• **Task item**
From the data below, return the exact lines starting at the line containing "property at 1828 Glendon Ave" and ending at the line containing "ANTICA CAPPELLIERA IN VIMINI", both included, and nothing else.

====== Extracted data

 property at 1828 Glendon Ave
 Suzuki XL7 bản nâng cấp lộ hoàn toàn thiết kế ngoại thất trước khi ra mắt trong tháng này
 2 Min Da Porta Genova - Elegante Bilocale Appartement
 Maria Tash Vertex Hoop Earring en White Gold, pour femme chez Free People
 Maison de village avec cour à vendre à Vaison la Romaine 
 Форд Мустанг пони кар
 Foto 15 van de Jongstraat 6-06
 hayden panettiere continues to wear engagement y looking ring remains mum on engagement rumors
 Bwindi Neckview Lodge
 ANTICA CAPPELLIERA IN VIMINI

============
====== Extracted data

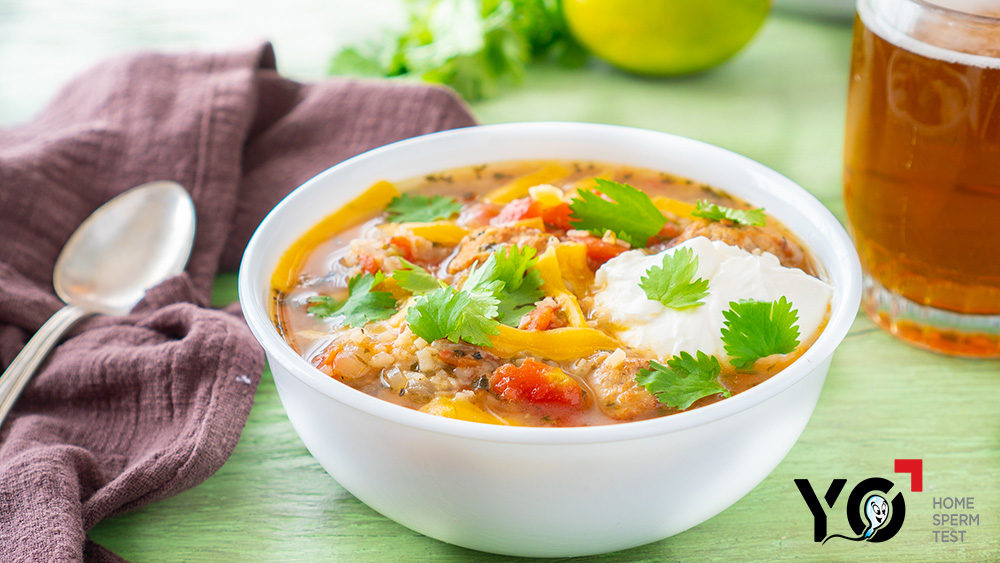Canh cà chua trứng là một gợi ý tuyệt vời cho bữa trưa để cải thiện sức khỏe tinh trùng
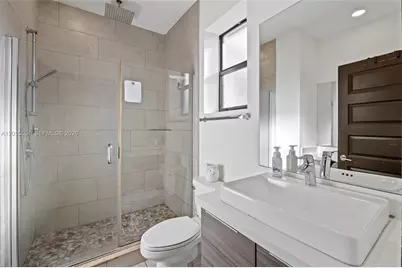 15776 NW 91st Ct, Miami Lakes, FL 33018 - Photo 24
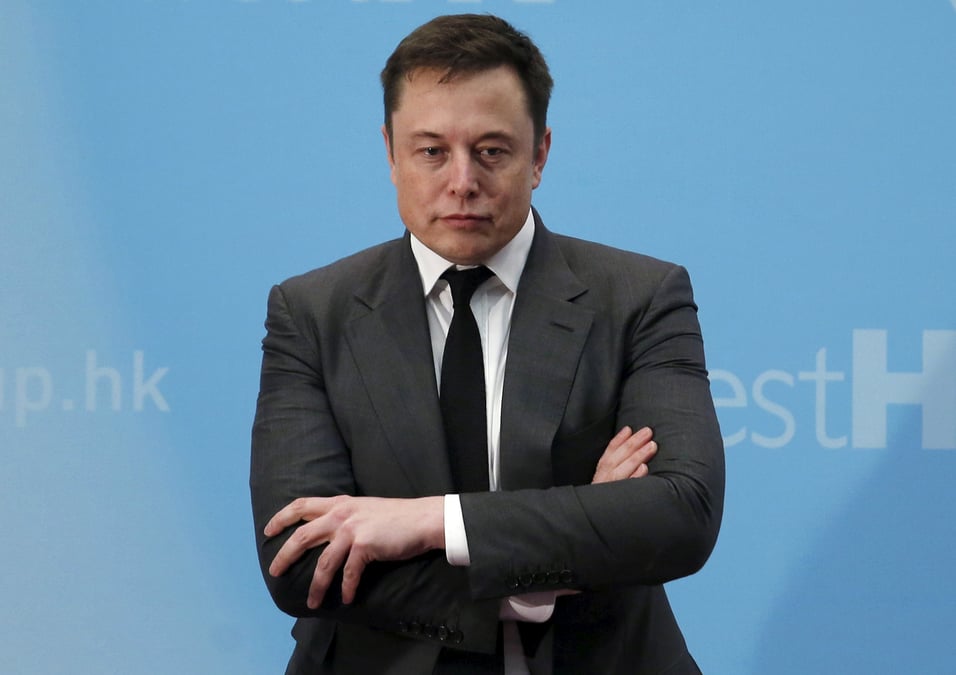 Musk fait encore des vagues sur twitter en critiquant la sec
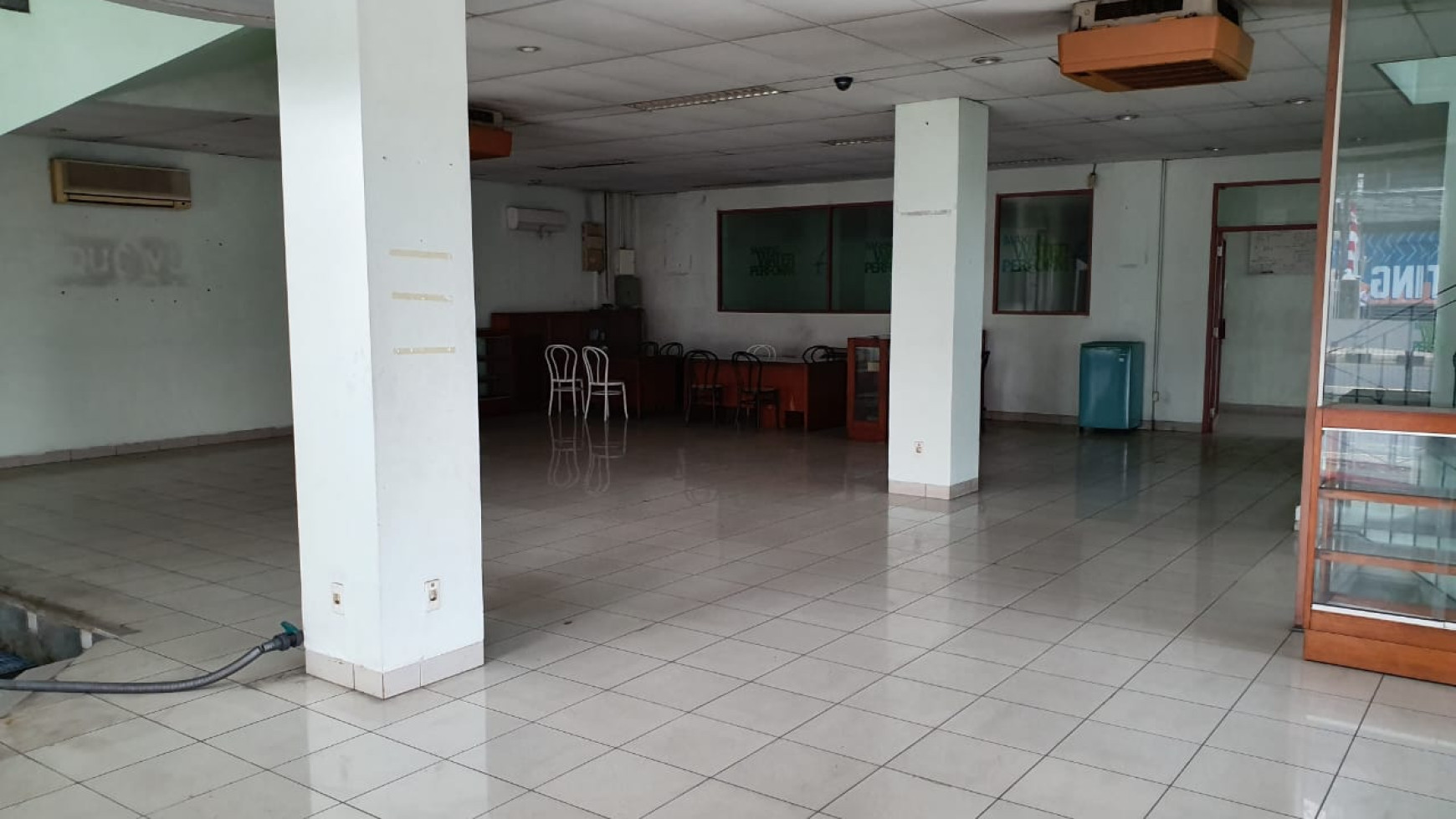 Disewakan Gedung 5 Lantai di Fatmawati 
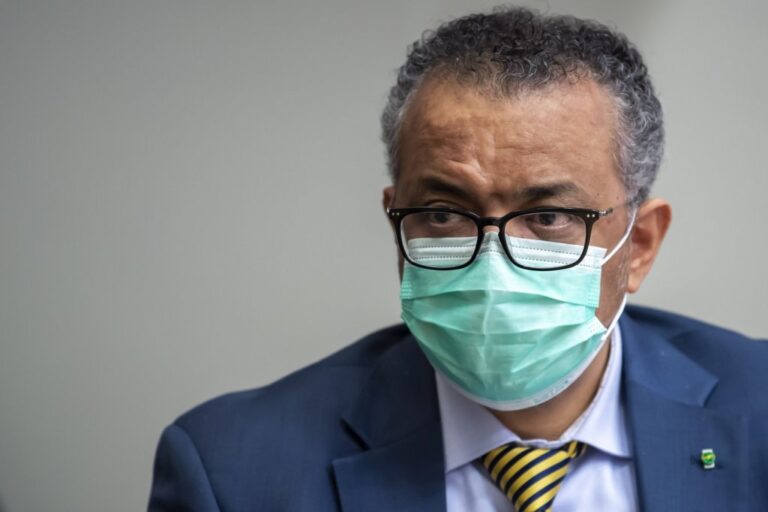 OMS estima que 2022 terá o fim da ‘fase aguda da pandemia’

============
====== Extracted data

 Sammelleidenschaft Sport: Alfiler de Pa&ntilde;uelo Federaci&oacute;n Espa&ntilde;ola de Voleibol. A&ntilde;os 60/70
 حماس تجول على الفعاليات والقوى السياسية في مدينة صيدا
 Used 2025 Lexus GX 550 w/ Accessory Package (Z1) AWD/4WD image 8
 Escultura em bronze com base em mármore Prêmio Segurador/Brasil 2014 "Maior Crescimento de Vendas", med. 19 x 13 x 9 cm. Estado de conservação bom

============

• **Exercise solution**
 property at 1828 Glendon Ave
 Suzuki XL7 bản nâng cấp lộ hoàn toàn thiết kế ngoại thất trước khi ra mắt trong tháng này
 2 Min Da Porta Genova - Elegante Bilocale Appartement
 Maria Tash Vertex Hoop Earring en White Gold, pour femme chez Free People
 Maison de village avec cour à vendre à Vaison la Romaine 
 Форд Мустанг пони кар
 Foto 15 van de Jongstraat 6-06
 hayden panettiere continues to wear engagement y looking ring remains mum on engagement rumors
 Bwindi Neckview Lodge
 ANTICA CAPPELLIERA IN VIMINI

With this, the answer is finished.